C’è rabbia e amarezza, anche per l’evidente differenza di trattamento riservata a chi arriva dall’Ucraina negli ultimi giorni.

Ad esempio, nelle questure di tutta Italia sono stati dedicati sportelli specifici per smaltire questo flusso, mentre molti e molte per essere ricevute devono “tentare” per più giorni consecutivi, pur avendo un appuntamento, affrontando lunghe code all’alba.

Inoltre il 29 marzo il Governo ha attuato tramite DCPM la decisione dell’UE del 4 marzo di applicare la direttiva 2001/55/CE, che permetterà a tutti e tutte le cittadine ucraine (o a chi vi risiedeva regolarmente) di ottenere un permesso di soggiorno in Italia valido fino a 2 anni.

La direttiva, emessa in occasione della guerra in Kosovo, permette una tutela immediata e temporanea alle persone fuggite da un conflitto armato o da gravi violazioni sistemiche dei diritti umani, ma non era mai stata applicata.

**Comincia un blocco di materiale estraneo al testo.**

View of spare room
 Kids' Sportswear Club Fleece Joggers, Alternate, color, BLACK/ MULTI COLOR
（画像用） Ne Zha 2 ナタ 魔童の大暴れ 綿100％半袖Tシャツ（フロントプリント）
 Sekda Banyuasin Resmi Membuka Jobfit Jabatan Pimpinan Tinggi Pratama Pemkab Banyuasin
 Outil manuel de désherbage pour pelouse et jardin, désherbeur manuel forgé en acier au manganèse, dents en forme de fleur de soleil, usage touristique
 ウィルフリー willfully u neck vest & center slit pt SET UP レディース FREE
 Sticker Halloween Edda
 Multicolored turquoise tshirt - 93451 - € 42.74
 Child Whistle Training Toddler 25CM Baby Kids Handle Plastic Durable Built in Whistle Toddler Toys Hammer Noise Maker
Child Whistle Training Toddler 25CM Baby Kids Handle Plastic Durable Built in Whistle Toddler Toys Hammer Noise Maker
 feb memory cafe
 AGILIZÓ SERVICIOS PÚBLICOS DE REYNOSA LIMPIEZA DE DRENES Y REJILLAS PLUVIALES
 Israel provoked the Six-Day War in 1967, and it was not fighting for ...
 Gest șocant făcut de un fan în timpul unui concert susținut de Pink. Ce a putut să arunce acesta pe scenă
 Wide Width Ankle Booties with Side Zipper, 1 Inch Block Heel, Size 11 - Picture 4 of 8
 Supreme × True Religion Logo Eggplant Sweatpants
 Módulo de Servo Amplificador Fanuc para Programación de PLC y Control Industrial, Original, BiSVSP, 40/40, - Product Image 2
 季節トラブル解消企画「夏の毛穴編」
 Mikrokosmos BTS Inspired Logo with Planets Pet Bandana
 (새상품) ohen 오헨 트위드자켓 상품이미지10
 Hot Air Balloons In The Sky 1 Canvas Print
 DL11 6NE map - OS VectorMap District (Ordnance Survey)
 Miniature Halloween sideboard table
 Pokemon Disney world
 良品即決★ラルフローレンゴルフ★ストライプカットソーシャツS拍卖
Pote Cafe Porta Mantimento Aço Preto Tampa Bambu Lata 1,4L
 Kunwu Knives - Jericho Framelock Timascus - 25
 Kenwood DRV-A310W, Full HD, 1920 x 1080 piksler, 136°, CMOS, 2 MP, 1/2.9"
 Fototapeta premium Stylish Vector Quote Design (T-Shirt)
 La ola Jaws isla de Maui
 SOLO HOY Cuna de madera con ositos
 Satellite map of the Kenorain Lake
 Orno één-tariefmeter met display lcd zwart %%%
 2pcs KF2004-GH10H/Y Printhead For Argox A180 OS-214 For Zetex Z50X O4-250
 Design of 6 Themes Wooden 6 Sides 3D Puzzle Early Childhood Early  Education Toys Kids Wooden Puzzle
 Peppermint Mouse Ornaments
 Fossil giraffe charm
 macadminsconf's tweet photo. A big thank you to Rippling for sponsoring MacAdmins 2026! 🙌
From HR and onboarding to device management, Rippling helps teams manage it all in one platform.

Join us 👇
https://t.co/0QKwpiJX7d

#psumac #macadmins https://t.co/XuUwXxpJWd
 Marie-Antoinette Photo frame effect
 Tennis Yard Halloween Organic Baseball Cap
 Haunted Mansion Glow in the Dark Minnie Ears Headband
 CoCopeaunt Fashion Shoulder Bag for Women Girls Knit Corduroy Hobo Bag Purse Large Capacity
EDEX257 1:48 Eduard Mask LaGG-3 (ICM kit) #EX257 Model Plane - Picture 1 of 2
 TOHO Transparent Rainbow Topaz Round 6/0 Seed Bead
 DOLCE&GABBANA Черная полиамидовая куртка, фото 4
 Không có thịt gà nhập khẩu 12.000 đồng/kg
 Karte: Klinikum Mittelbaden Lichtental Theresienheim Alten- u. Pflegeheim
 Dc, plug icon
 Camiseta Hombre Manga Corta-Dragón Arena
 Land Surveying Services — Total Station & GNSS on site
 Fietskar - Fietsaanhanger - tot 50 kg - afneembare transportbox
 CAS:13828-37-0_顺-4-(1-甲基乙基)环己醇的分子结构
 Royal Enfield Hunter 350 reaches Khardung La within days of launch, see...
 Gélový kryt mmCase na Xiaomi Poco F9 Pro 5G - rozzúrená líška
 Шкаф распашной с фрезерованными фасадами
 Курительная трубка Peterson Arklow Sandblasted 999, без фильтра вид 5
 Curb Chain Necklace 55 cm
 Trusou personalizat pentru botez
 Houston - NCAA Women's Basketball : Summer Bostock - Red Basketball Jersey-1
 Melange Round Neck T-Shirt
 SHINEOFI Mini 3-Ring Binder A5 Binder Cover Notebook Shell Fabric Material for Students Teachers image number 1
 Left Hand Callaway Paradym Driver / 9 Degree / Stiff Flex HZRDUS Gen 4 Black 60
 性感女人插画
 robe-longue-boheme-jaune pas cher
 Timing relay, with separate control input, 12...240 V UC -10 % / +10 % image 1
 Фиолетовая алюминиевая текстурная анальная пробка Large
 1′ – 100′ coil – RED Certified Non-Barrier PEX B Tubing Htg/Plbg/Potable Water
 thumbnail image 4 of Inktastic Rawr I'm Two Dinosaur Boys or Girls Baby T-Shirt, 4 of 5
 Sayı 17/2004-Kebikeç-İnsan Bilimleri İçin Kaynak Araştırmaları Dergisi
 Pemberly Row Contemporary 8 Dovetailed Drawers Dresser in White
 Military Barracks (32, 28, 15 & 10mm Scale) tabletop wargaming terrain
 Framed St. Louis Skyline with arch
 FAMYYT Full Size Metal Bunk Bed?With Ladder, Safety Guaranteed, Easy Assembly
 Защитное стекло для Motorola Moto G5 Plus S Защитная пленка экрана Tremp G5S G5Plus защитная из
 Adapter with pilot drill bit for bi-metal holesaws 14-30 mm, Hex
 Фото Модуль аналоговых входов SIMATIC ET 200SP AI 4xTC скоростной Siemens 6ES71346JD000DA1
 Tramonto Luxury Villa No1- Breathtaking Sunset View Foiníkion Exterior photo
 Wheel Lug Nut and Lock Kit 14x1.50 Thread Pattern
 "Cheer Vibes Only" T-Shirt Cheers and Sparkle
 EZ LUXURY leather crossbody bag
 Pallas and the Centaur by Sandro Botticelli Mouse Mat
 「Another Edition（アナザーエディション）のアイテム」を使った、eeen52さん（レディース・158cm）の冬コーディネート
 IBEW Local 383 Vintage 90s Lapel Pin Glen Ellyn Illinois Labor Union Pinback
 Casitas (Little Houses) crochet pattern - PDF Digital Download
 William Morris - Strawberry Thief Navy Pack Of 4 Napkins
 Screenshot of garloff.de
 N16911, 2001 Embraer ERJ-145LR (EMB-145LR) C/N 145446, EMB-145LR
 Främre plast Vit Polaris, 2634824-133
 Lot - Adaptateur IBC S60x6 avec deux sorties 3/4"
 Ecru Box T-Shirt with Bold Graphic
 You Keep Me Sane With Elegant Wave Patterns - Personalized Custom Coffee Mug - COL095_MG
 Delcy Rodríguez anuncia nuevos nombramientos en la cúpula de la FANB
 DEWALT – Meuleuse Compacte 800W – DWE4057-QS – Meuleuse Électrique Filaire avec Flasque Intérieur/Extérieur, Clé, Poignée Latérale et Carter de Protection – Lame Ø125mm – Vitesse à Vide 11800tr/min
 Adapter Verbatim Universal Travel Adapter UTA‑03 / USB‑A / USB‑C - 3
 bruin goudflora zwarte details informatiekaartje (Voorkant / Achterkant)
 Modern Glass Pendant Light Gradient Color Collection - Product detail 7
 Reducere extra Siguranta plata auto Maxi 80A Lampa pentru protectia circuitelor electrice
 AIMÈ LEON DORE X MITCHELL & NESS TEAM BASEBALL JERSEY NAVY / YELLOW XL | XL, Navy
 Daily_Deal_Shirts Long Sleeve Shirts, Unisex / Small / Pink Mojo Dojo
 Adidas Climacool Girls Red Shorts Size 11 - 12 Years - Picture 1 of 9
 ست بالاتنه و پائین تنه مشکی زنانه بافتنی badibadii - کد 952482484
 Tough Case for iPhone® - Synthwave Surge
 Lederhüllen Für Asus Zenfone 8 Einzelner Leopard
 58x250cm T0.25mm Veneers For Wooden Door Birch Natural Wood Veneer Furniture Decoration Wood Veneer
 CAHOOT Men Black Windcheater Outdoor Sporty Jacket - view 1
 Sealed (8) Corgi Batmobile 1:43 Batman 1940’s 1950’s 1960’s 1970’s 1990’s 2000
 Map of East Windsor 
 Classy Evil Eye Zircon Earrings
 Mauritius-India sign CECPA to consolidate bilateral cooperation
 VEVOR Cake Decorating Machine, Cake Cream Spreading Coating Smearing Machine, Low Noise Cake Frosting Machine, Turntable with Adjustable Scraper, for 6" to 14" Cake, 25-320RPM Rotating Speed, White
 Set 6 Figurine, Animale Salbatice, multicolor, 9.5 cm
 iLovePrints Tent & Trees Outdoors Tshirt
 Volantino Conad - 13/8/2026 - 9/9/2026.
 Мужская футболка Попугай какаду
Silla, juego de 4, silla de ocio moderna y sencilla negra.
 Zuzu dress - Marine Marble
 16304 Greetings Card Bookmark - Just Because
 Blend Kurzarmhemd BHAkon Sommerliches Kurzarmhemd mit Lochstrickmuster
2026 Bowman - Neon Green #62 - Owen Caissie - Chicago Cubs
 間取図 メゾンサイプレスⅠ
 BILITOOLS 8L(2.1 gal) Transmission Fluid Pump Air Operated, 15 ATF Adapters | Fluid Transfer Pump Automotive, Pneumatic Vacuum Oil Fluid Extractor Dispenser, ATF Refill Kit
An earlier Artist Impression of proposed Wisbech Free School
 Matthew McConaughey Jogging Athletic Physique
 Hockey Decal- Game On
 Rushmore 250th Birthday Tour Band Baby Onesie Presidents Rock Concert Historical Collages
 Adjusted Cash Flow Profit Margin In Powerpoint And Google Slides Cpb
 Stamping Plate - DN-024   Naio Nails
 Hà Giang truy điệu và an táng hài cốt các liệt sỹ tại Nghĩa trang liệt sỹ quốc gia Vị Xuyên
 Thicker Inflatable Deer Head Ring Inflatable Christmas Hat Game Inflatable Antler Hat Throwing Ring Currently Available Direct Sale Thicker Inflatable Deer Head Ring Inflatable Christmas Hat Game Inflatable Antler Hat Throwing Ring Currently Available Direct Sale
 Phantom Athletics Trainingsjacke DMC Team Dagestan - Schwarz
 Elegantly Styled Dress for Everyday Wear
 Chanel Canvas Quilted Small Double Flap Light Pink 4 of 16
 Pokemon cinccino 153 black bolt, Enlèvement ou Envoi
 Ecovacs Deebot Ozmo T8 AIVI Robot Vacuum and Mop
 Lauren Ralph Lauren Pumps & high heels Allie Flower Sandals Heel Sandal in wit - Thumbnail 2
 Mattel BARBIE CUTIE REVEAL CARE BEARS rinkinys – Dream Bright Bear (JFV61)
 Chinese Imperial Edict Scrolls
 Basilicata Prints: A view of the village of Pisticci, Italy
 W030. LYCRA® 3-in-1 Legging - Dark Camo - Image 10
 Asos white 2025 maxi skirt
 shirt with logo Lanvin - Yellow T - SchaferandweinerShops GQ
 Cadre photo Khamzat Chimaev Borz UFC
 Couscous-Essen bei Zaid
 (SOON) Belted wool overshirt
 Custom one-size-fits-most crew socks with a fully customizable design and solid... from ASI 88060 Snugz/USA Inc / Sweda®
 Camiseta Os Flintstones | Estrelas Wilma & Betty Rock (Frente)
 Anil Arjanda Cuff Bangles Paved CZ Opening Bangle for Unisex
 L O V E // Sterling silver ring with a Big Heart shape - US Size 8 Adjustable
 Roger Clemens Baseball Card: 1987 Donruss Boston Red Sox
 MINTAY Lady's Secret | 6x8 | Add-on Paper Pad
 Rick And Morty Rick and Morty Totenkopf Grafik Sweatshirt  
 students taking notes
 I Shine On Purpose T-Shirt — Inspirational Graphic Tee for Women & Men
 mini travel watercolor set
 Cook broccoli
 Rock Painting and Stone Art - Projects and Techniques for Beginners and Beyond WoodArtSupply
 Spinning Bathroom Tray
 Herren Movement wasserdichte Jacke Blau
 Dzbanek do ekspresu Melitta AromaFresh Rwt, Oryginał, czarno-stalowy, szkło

Figli e figliastri, in un sistema che fino ad ora ha trattato l’immigrazione prevalentemente come un fenomeno di ordine pubblico, affidando il rilascio dei documenti non a organi amministrativi, come il municipio, bensì alla questura e alla prefettura, che dipendono dal Ministero dell’Interno: «Non è possibile che siamo sempre vincolati a quel ministero, mentre tutti gli altri ministeri, la politica, la sanità, l’istruzione quelle sono un lusso!» dice Josef Yemane, esponente di Black Lives Matter, denunciando il quadro di criminalizzazione costante e latente attorno a cui si sviluppano le vite delle persone immigrate e le narrazioni su di esse.

Mentre giunge notizia che a Foggia è partito un corteo spontaneo, a Roma la piazza si scioglie. I e le manifestanti si danno appuntamento per pianificare i passi successivi, avvertendo il Viminale, distante poche centinaia di metri: «Sia chiaro: la prossima volta faremo a modo nostro, non chiederemo permessi nè niente, occuperemo la città, ci troveremo ovunque, aspettatevi di tutto».